[TIP] figleaf tests
Ondrej Certik
ondrej at certik.cz
Mon Jun 23 23:32:19 PDT 2008
On Tue, Jun 24, 2008 at 4:26 AM, C. Titus Brown <ctb at msu.edu> wrote:
> On Mon, Jun 23, 2008 at 09:37:41PM -0400, Ned Batchelder wrote:
> -> I've been down these paths too, and I completely understand Titus' wariness.
> ->
> -> I think the stdlib module trace.py has the right idea: rather than
> -> analyze the code at all, simply compile it, and look at the table of
> -> line numbers in the code object. This is by definition the set of lines
> -> that sys.settrace can return, and is very simple to read. It has the
> -> advantage that as the compiler changes from version to version, changing
> -> the lines that can be returned, trace.py is immune to the changes.
>
> Hmm, I didn't realize that the table of line numbers in the code object
> is the set of lines that can be returned by sys.settrace!

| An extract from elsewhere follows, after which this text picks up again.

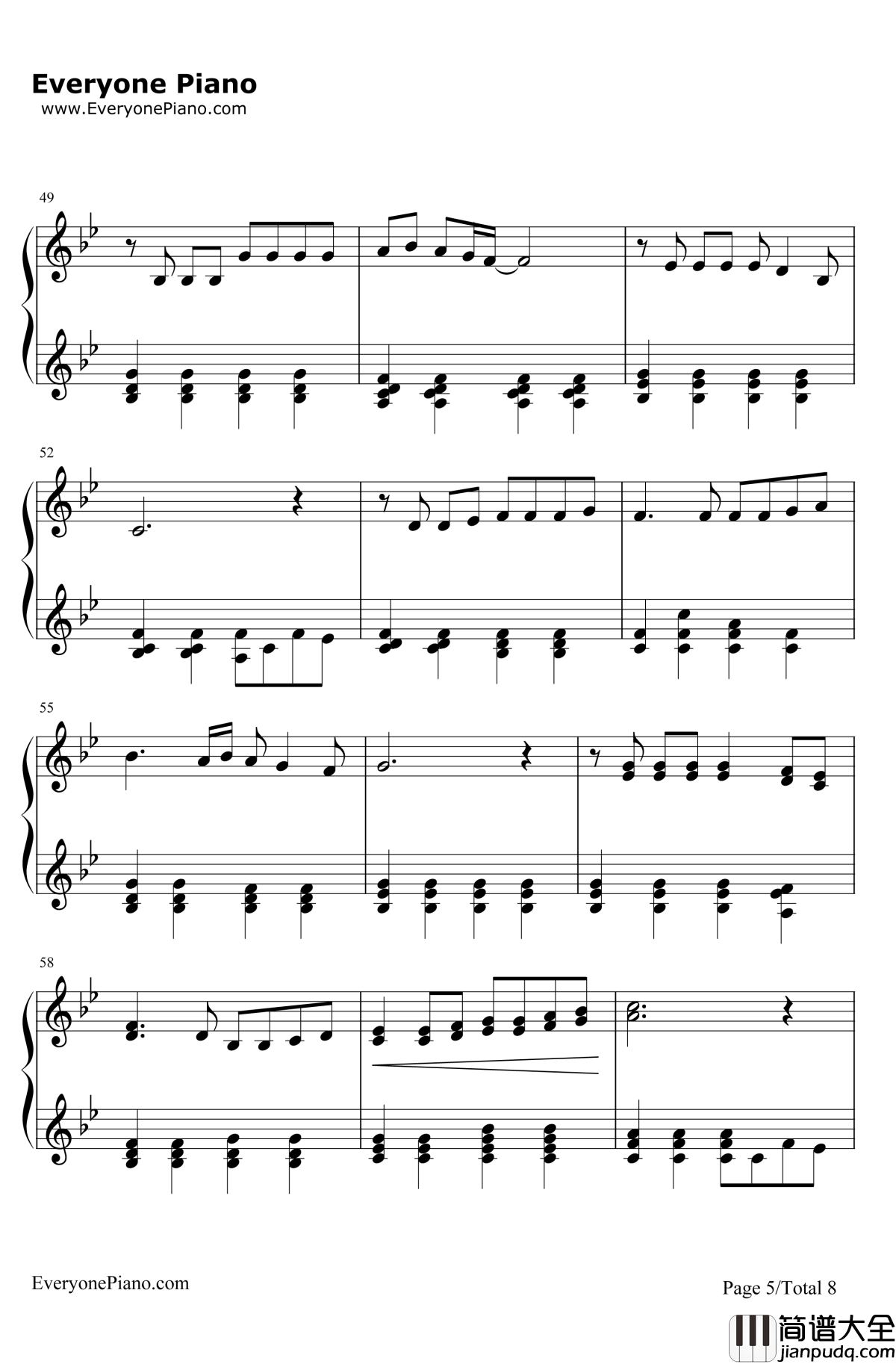 旅立ちの日に钢琴谱_坂本浩美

That makes my
> life *much* easier, thanks!
>
> -> For more exotic ideas along these lines, you can lie about line numbers:
> -> http://nedbatchelder.com/blog/200804/wicked_hack_python_bytecode_tracing.html
>
> Ummm... :)
Wow, I didn't know that, thanks Ned!
I was just playing with:
http://docs.python.org/lib/module-dis.html
and it really works and produce the correct line numbers. :)
So now we just need to adapt your line hack example from:
http://nedbatchelder.com/blog/200804/wicked_hack_python_bytecode_tracing.html
and that should be it.
I am also actually flying soon, but I'll try to hack on it in the plane.